-------- RECORD EXCERPTS --------

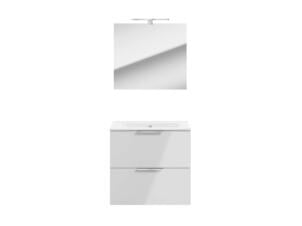 Nova Pack meuble salle de bains 60cm 2 tiroirs blanc brillant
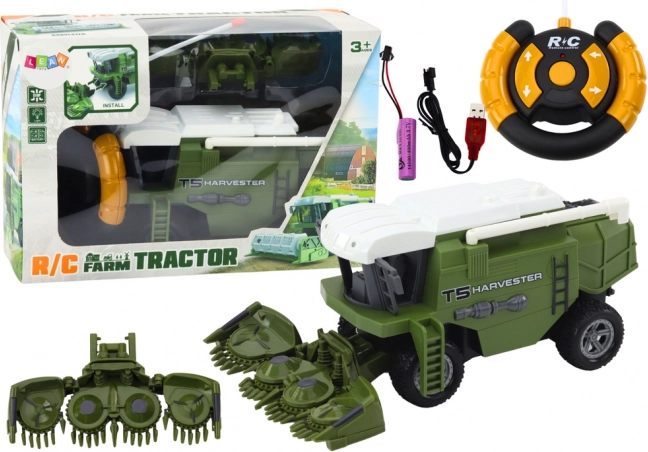 RC agricultural combine harvester green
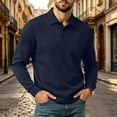 thumbnail image 7 of CQONEPT Dress Button Down Shirt for Men Business Casual Corduroy Shirts Lapel Top Fitted Workout Sweatshirts Golf Tees Dark Blue 3XL, 7 of 7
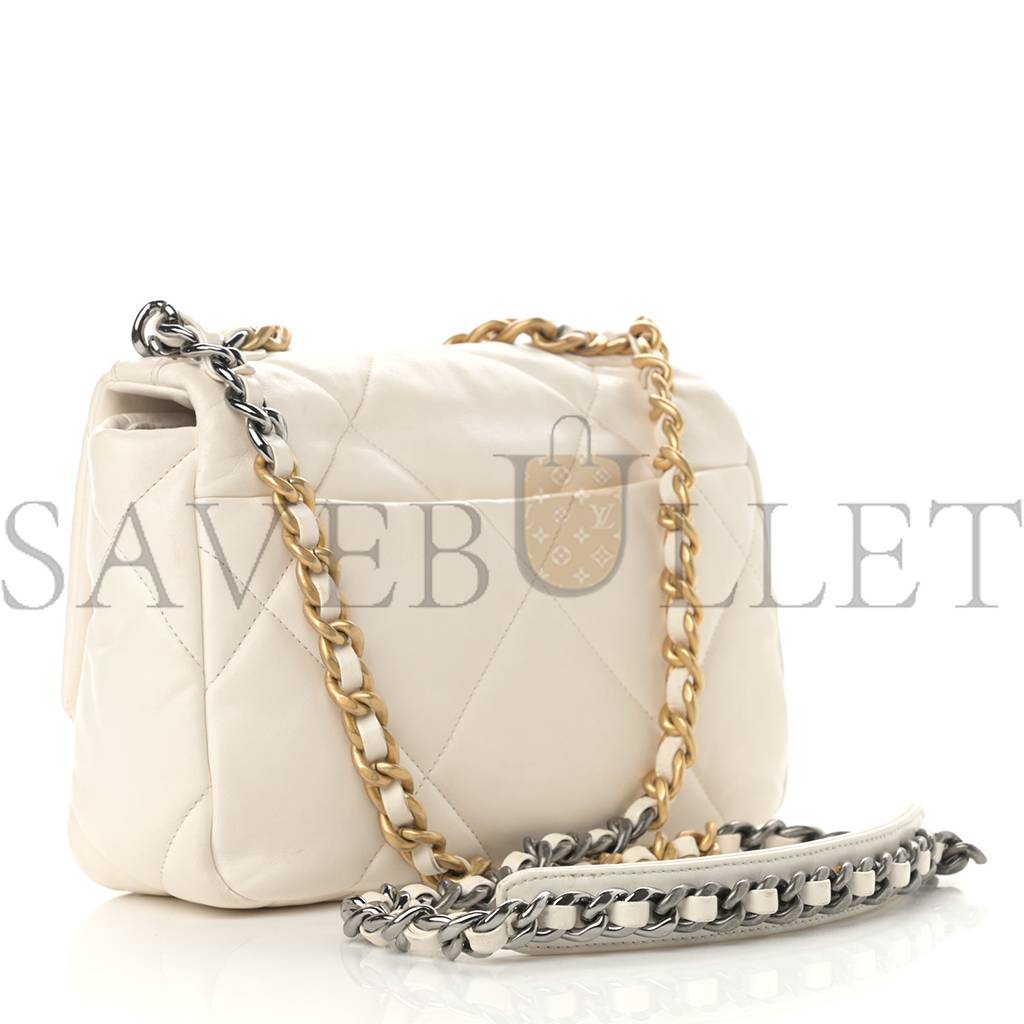 Ch*el goatskin quilted medium Ch*el 19 flap white gold hardware (27*20*8cm)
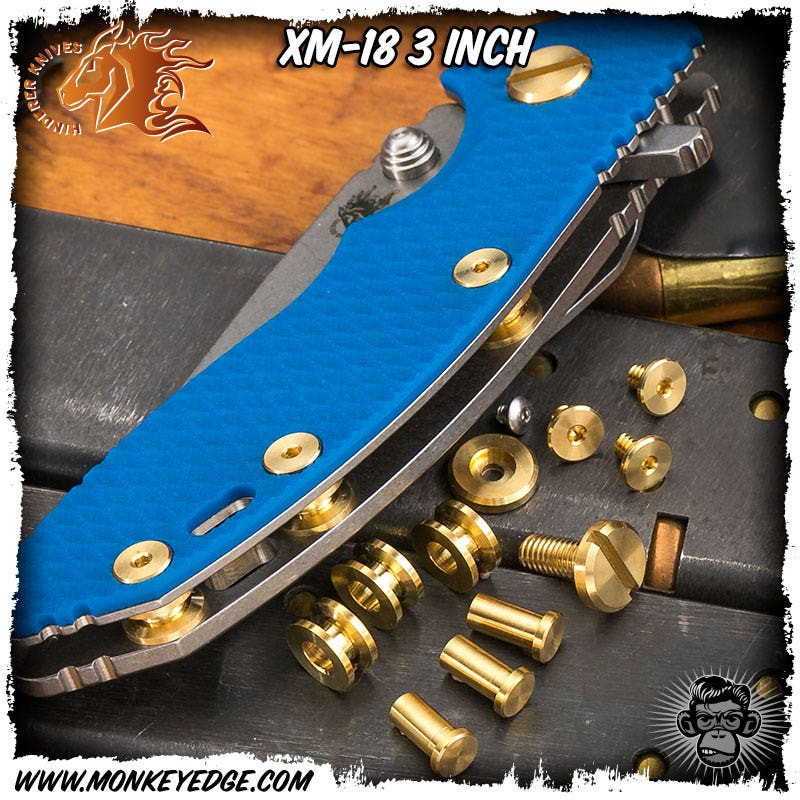Monkey Edge - Hinderer FolderXm-18 3 inch Hardware Kit - Brass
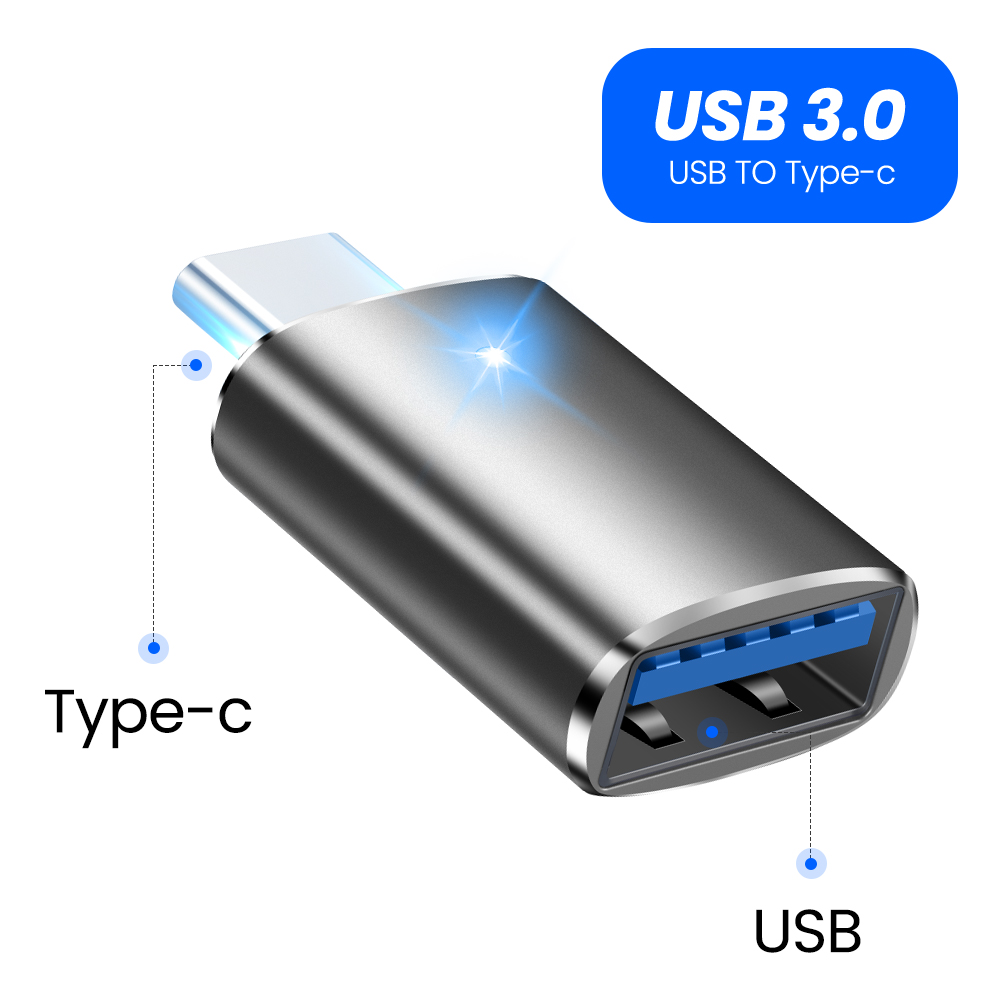 Elough OTG USB C Adapter USB 3.0 To Type C For Xiaomi Samsung USB type C Male To Micro USB Female Converter USBC OTG Connector: Gray 2led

--------

§ PROMPT: The answer should contain only the lines from the start of the records above through the line with "Monkey Edge - Hinderer", copied exactly, and no pictures.

§ FINISHED TASK:
 Nova Pack meuble salle de bains 60cm 2 tiroirs blanc brillant
 RC agricultural combine harvester green
 thumbnail image 7 of CQONEPT Dress Button Down Shirt for Men Business Casual Corduroy Shirts Lapel Top Fitted Workout Sweatshirts Golf Tees Dark Blue 3XL, 7 of 7
 Ch*el goatskin quilted medium Ch*el 19 flap white gold hardware (27*20*8cm)
Monkey Edge - Hinderer FolderXm-18 3 inch Hardware Kit - Brass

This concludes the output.